"I feel so out of control...mentally and emotionally. My thoughts and my feelings are all over the place and I can't tell which was is up. I want my baby - I want Jeslyn safe and sound in my belly. I hate that she'll be missing form my physical life forever, I'm jealous of mothers who decided to carry their baby to term and got to eventually meet their child. Even if it was only for a few minutes. They got to see their precious baby's face, to kiss their tiny cheeks, to count and caress their beautiful fingers and toes. They have tangible evidence that their baby was here on this earth if only for a brief period of time. I have none of that. I have almost nothing tangible to show that my daughter exists...to show that the grief I feel because I lost her is real, valid, and important".
There is so much more to my grief and to the thoughts and feelings that I have on a daily basis. This is just a part of it, although, it's a huge part of it. The decision we made never sat well with me, and, it still doesn't. I don't think it ever will. I'll never be "okay" with the decision that we made, because, we ultimately decided to end the life of our child. That hurts - like hell. I don't think that's something you ever can become "okay" with...the part about being the person who chose to terminate a pregnancy and my child's life, in one fail swoop. I love my baby and I loved her when we made the decision we made. Some people may not understand that, but, I was trying to parent her in that moment and I will try and parent my dead child for the rest of my life. I can only hope that, one day, I will forgive myself for the decision I made - for the decision we felt we needed to make. For the sake of Isla, for the sake of our family, and most importantly...for Jeslyn's sake.
But, with ALL that said - it is STILL HARD. This grief is so complex and multi-faceted. I feel like it will take me until I am old and grey to really grasp it and get a handle on it. And that, in and of itself is heavy and overwhelming. Until then, I try to keep it together in the light of the day. I try to be who I was before this all happened, even though I know I'll never be that woman again. I am a new woman...and some people may find it hard to be around this "new me". And that's okay because I don't really give a sh*t.
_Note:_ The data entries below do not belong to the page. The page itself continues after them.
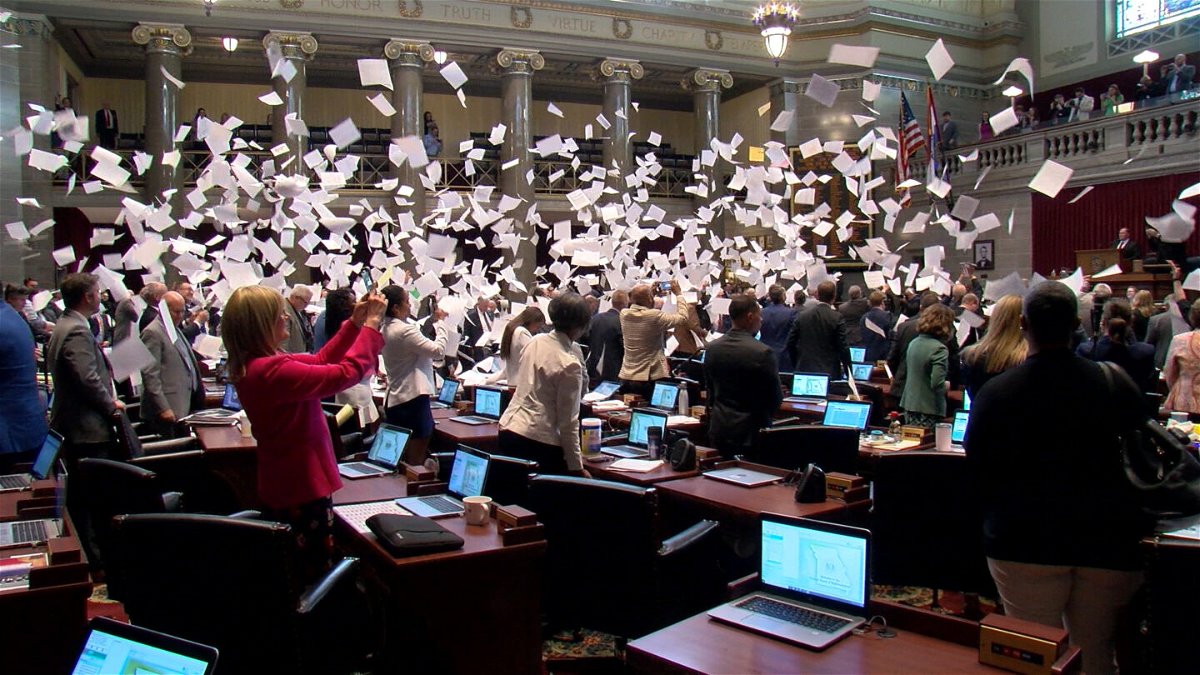 House lawmakers in Jefferson City, Mo. toss papers into the air as the session came to a close on Friday, May 13, 2022.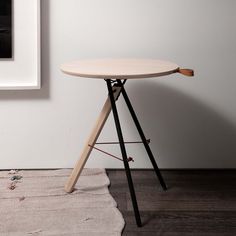 a wooden table sitting on top of a hard wood floor next to a white wall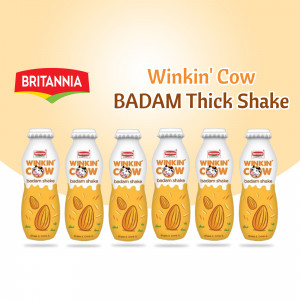 Six bottles of Britannia Winkin' Cow Badam Thick Shake with almond illustrations.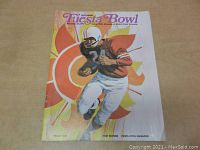 Front cover of the 1971 First Annual Fiesta Bowl program showing football player artwork and title text.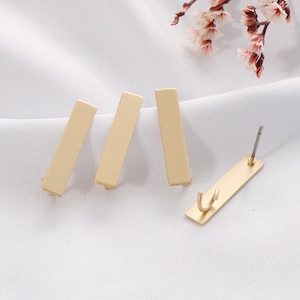 May include: Four gold-coloured rectangular bar earrings. The earrings are simple and minimalist in design.
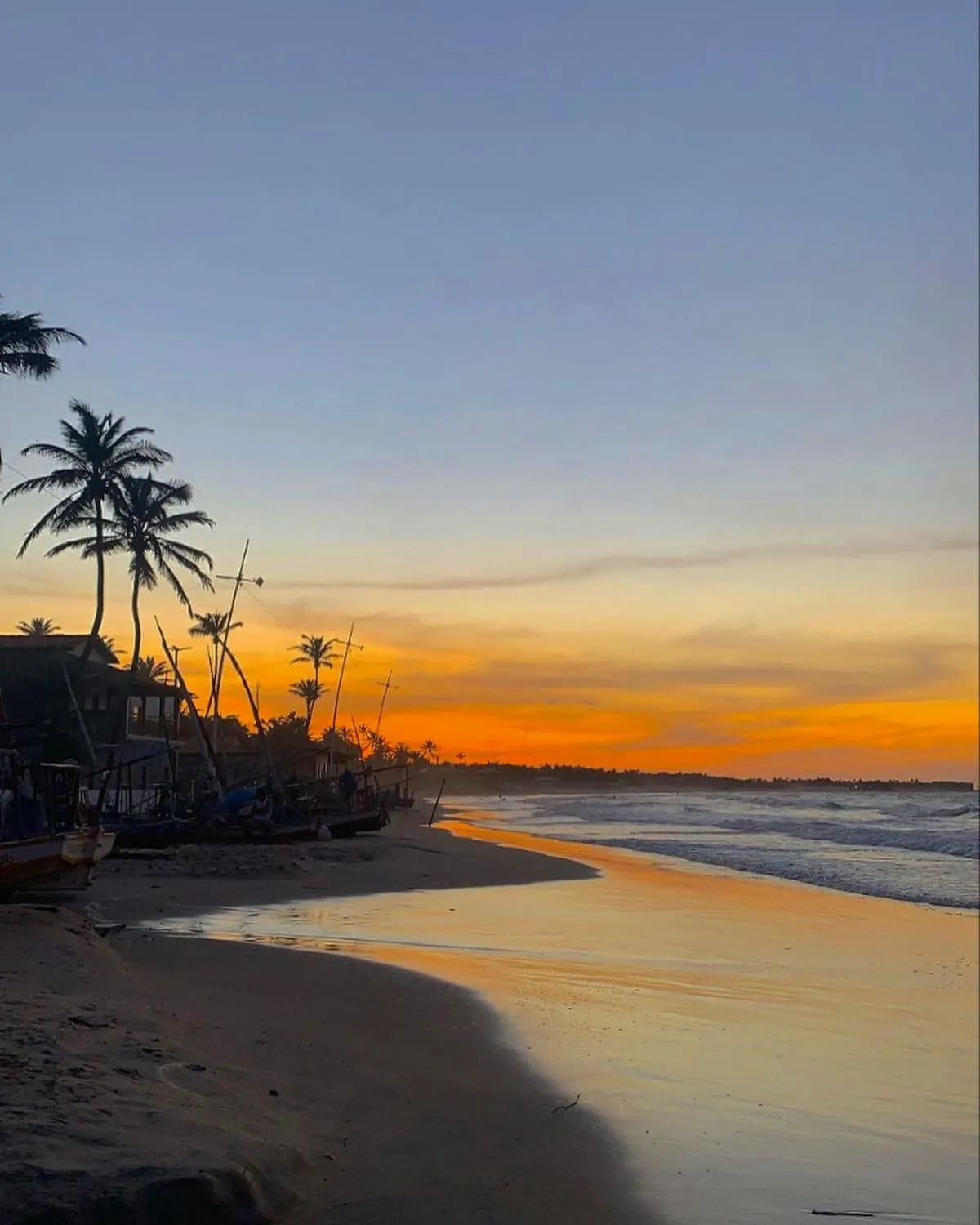 Pôr do sol na praia, com coqueiros e jangadas na areia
Well, I don't give a sh*t about how most people feel about what I am going through. Some people, I do care about and try not to alienate with my new normal. I don't know if that's the right thing to do or not. But, I guess I do it...so that I don't lose everyone in my life. So that my child still has friends. But, I gotta say...it's exhausting to put on a face for people. To hold it together and be pleasant and "okay" when inside, I am slowly crumbling...slowly dying a little bit more every day from the unbearable loss I've experienced. I really just want to do nothing...nothing but the things I do to help me get through the daily fight of grieving. But, I know I can't do that. I know I can't shut everything else out because I am a wife, I am a mother, I am a student, I am a friend. I am so many things and I have responsibilities. Things I HAVE to do. And I mostly do them - I try, anyway...and just do the best I can.
I've been told lots that it seems all consuming and like there isn't a light at the end of the tunnel right now because it's all still so raw and new. And yeah...I am definitely still in that space where it seems like I will be in this fog for the rest of my life. But, I know I am actively trying to work my way through this and all I can do is keep doing what I am doing and hope that I do make it to the other side where that damn light is.